The party season is one occasion where many women up the ante when it comes to their hair, makeup and nails. Many who favour safer options year-round find themselves more willing to experiment during this period, be it with a new hair colour or more intricate nail art. But with the greater visibility of these details — thanks to more social events and gatherings — comes the pressure to select just the right combination of colours and styles that will be fresh and unexpected, but also versatile.
For some women, the holiday season can mean a quite literal translation of festive trends. Victoria Yap, the founder of boutique nail salon 8Twenty8 Nails, says that her salon cannot escape the demand for festive-themed nail art during this period. “There will always be customers who want to do Christmas trees and festive designs,” says Yap. On her part, Yap, who takes her influence from seemingly unrelated areas like architecture and less obvious trend centres like Russia and the United States, the challenge is in adapting these traditional motifs in a chic and modern way with interesting colourways and more stylised art. And while hair salons might push certain seasonal trends — like darker, richer hues for the fall and winter season or more outrageous shades — these are mere guidelines that can be adapted to individual tastes and preferences.
When it comes to hair, the major trends tend to focus on either colour or texture. Victor Liu, the director at Singapore salon Chez Vous, recommends trying out fresh, new colours trends. The first follows the natural gradients found in a tiramisu dessert, a trend that originated in the United States. “Taking its cue from the tiramisu dessert, the hair can have layers of brown, beige, cream and even a deeper cocoa shade,” says Liu. This is a versatile combination that can be adapted to different haircuts and be painted on as highlights and lowlights or even with an ombré effect.
The other trend is hair with a blend of rose gold, rose pink and lavender dye. “It works on Asian skin tones because it has pink undertones that don’t veer towards a less flattering coral hue,” says Liu. He notes that while in the past many beauty trends in Singapore were influenced by the J-Pop and K-Pop scenes, Chinese girl bands are now a major source of colour inspiration for younger customers.
When it comes to texture, there has also been a move away from more obvious and artificial styles like perms and straightening. “We are doing a lot of texture treatments that we call movement perms,” says Liu. “It creates movement in the hair and it has caught on as it plays on the idea of visual balance. By creating soft curves and gentle curls in the hair, this enhances the features and softens the angles of our faces by reducing the visual contrast,” says Liu. The idea is to avoid anything too stark — like stick-straight hair or the bouncy, defined curls that used to be popular in the past. To achieve this look, get your stylist to start with a haircut, followed by a traditional digital perm that will help create waves, curls and volume only where needed.
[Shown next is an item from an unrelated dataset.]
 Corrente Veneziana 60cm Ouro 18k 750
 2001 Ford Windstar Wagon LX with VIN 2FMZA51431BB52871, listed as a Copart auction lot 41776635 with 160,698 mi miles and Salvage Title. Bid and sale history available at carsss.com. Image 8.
The result should look like a great blowout rather than a voluminous or overly-defined perm.
When it comes to nail art and the length and shape of your talons, it appears that anything goes. Yap has customers who prefer shorter nails, as well as those who opt for longer, sharper silhouettes. She does note that certain designs will look better on a longer, larger canvas so they may not be ideal for shorter nails.
While Yap’s salon has a yearly practice of creating a nail art collection for customers to choose from, she ensures there are options for different tastes. Christmas motifs like reindeer, trees or snowflakes can be modified into more stylised, modern iterations and even the colour palette can be tweaked to more chic combinations like soft grey and white, black and white or a red base with white nail art. As for those who are not into patterns, Yap says, “You can’t run away from glitter. But customers who want more neutral options can opt for a base shade like nude or blush pink with either silver, gold or colourful glitter that tends to go with every outfit.” Popular styles include applying glitter in the half-moon of a reverse French manicure or having an accent nail decked out in Swarovski crystals.
Another festive-appropriate trend that Yap has seen is the chrome nail — created using a powder over the nail to achieve a mirror-like finish — with diamantés and glitter added on top. Yap says that when opting for gel nails, one should always ensure the manicurist is using a good-quality, soft gel option rather than a hard gel, so that it will be less damaging to the nail bed upon removal. As for the best time to do your nails? “The idea time for a manicure is a few days prior to any big event, and gel nails can be left on safely for 10 to 14 days or even more,” says Yap.
Makeup brands have riffed off typical, seasonal trends with inspired, new takes that are more interesting and artistic. At Dior, the creative and image director of makeup, Peter Philips created a vivid, firework-inspired collection. One of the looks Philips suggested was a pop art eye using intense, metallic shades like cobalt, magenta and even yellow-gold (all found in the Dior 5 Couleurs palette in Party in Colours) for an eye-popping, colour-block effect.
If you would rather focus on the lips, rich reds continue to be a perennial favourite with a velvety, shimmering effect being one of the newer trends. For Gucci Beauty, the formula of its Rouge à Lèvres Lunaison in Goldie Red, a classic hue chosen by creative director Alessandro Michele, is infused with three types of glitter for a three-dimensional, highly pigmented finish — so you have a polished, perfectly lustrous pout.